Most people probably wouldn’t think of President Donald Trump as a socialist. At last night’s State of the Union address, he repeatedly inveighed against the ideology, in both foreign and domestic settings. He touted the diplomatic coalition aligned “against the socialist dictator of Venezuela, Nicolás Maduro,” who he cast as an “illegitimate ruler” and “a tyrant who brutalizes his people.” He warned of an impending “socialist takeover of our health care system,” criticized Democrats who supported a government-run plan, and promised that he “will never let socialism destroy American health care.”
“Socialism destroys nations,” he said. “But always remember: Freedom unifies the soul.”
There can be no doubt of Maduro’s tyranny, and when the leading proponent of Medicare for All is a self-declared democratic socialist, it is more than fair to cast single-payer health care, and its backers in Congress, in this light as well. With Sen. Bernie Sanders (I–Vt.) currently a front-runner for the Democratic presidential nomination, Trump was previewing a likely attack strategy for this year’s presidential contest, and attempting to exploit a growing rift in Democratic Party politics over its leftward drift.
There are sound political reasons for Trump to adopt this strategy. Polls show that Republican voters are widely opposed to socialism, and although Democrats are substantially more favorable, they are, relatively speaking, more divided. The presidential campaigns of both Sen. Kamala Harris (D–Calif.) and Sen. Elizabeth Warren (D–Mass.) showed how practical questions about how to pay for and implement Medicare for All can drag down presidential campaigns, even in a nominally receptive Democratic primary race. (Sanders, for his part, has largely dismissed such questions as impossible to answer.) Trump is on solid political ground running against America’s nascent socialist movement and its primary project, the remaking of the nation’s health care system.
Yet Trump’s fervent anti-socialism makes for an odd fit with much of the rest of his speech, which boasted of various spending and infrastructure projects, along with a new branch of the military, Space Force. The disjointedness was particularly notable in his dual commitment to “always protect your Medicare” and “always protect your Social Security,” a line punctuated by a final “always,” as if to say that old-age entitlements are forever sacred.

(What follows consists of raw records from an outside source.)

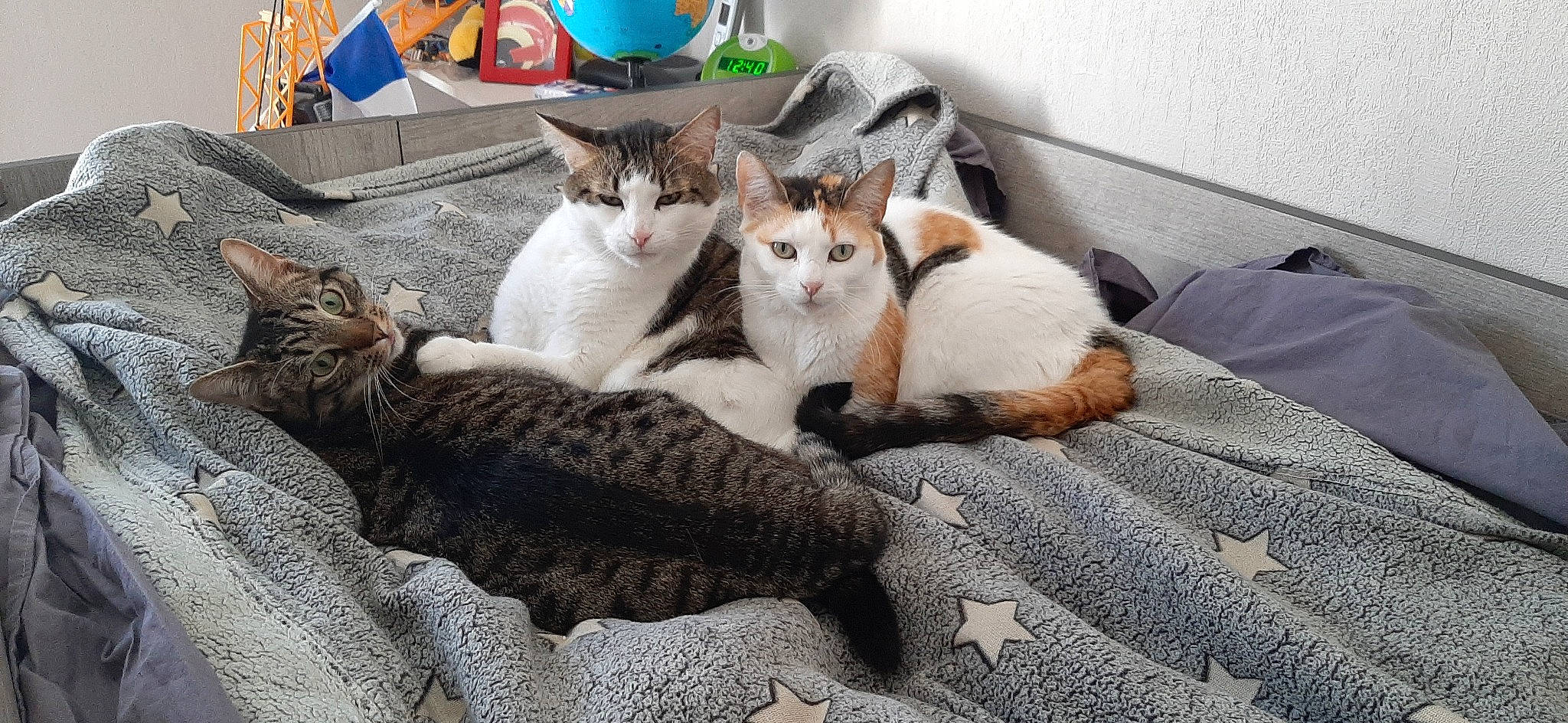 Pimprenelle participe au concours pour gagner de l'argent avec cette photo : bedding, carnivore, cat, comfort, domestic_short_haired_cat, fawn, felidae, fur, grey, linens, nap, paw, pet_supply, small_to_medium_sized_cats, snout, tail, whiskers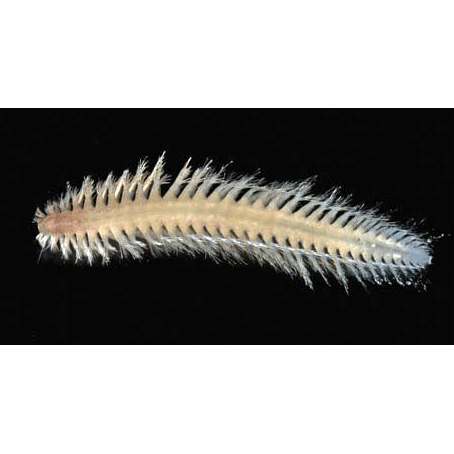 Семейство Chrysopetalidae фото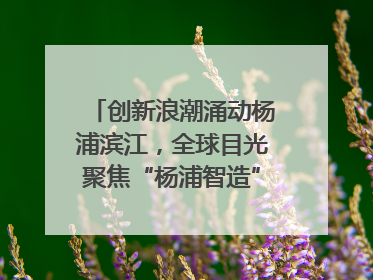 创新浪潮涌动杨浦滨江，全球目光聚焦“杨浦智造”｜相约复兴岛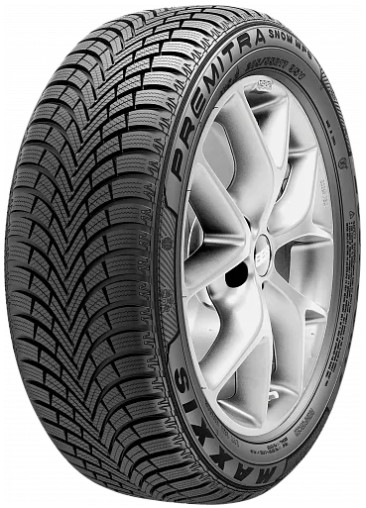 245/40 R17 Maxxis WP6 95V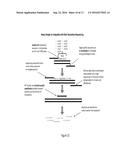 SYNTHESIS AND ENRICHMENT OF NUCLEIC ACID SEQUENCES diagram and image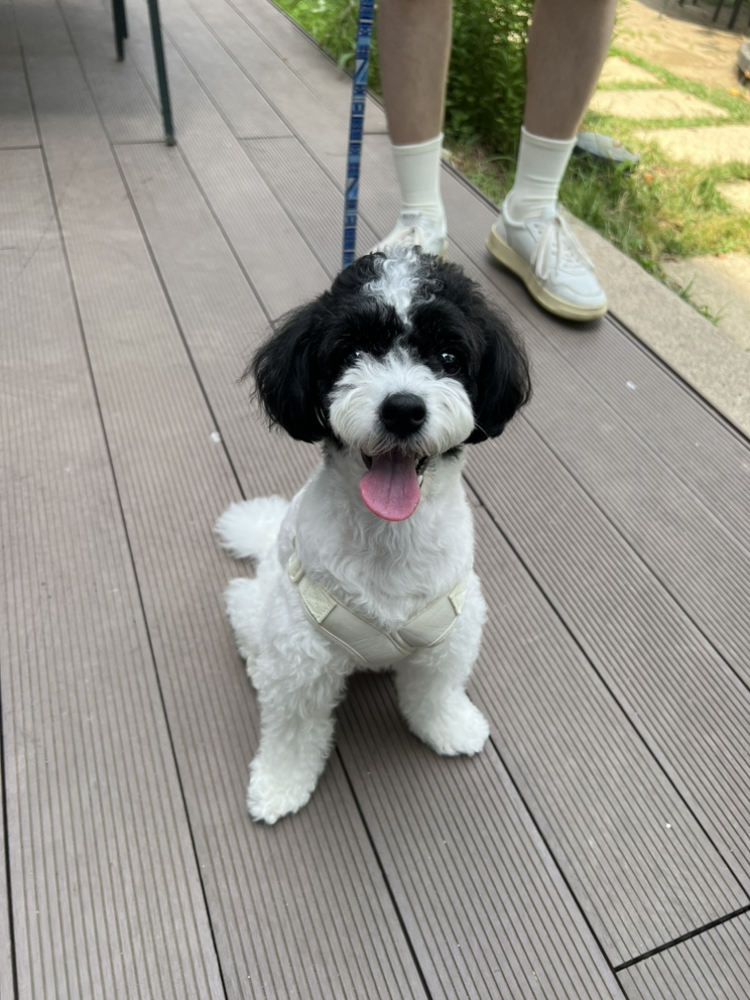 관심 유저 프로필 이미지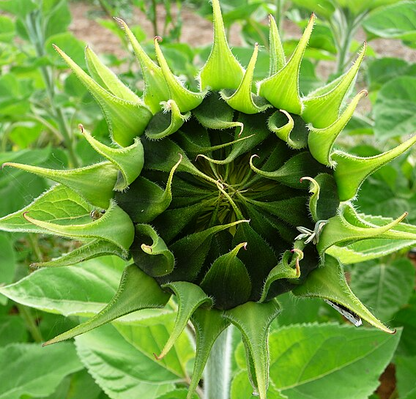 50 Samen Grüne Hybrid-Sonnenblumensamen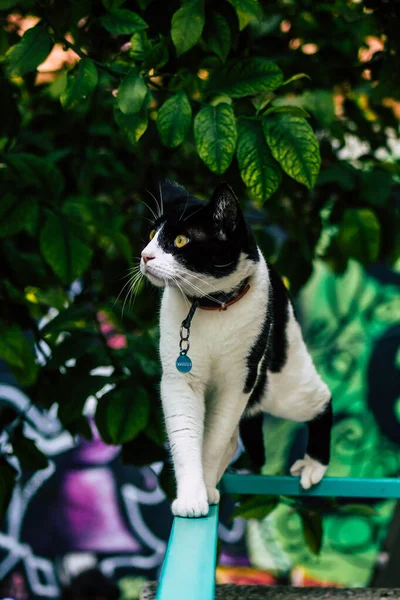 Limassol Cyprus March 2020 View Domestic Cat Living Streets Limassol — Stock Photo, Image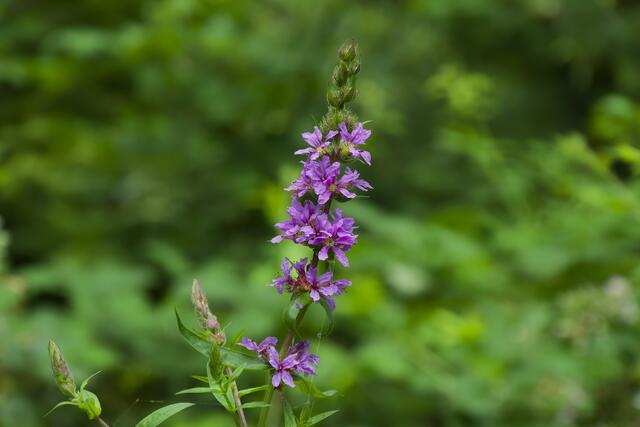 Blutweiderrich, Blüten und junge Blätter können in den SALAT | Foto: Michael Harmsen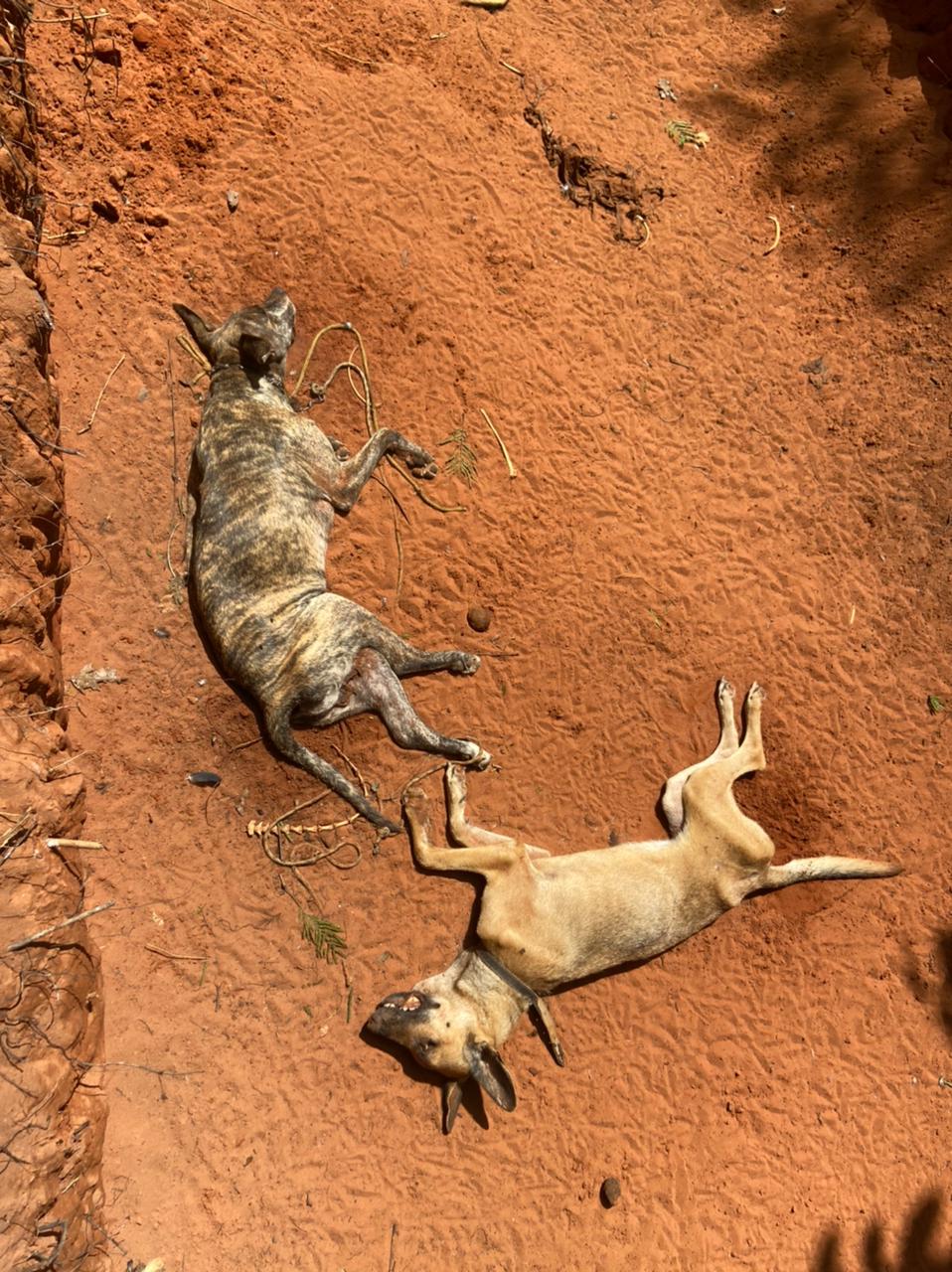 ABSURDO! TV Record mostra veículo da Prefeitura de Estreito recolhendo animais saudáveis para sacrificar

Although Trump recently suggested, in a brief and somewhat vague exchange, that the programs might eventually be up for some sort of cost-saving reform, he has historically positioned himself as a defender of those programs. As with his attacks on socialism, there is a clear political logic to this stance: The programs are popular, and they benefit seniors, who make up a disproportionate share of Trump’s voter base.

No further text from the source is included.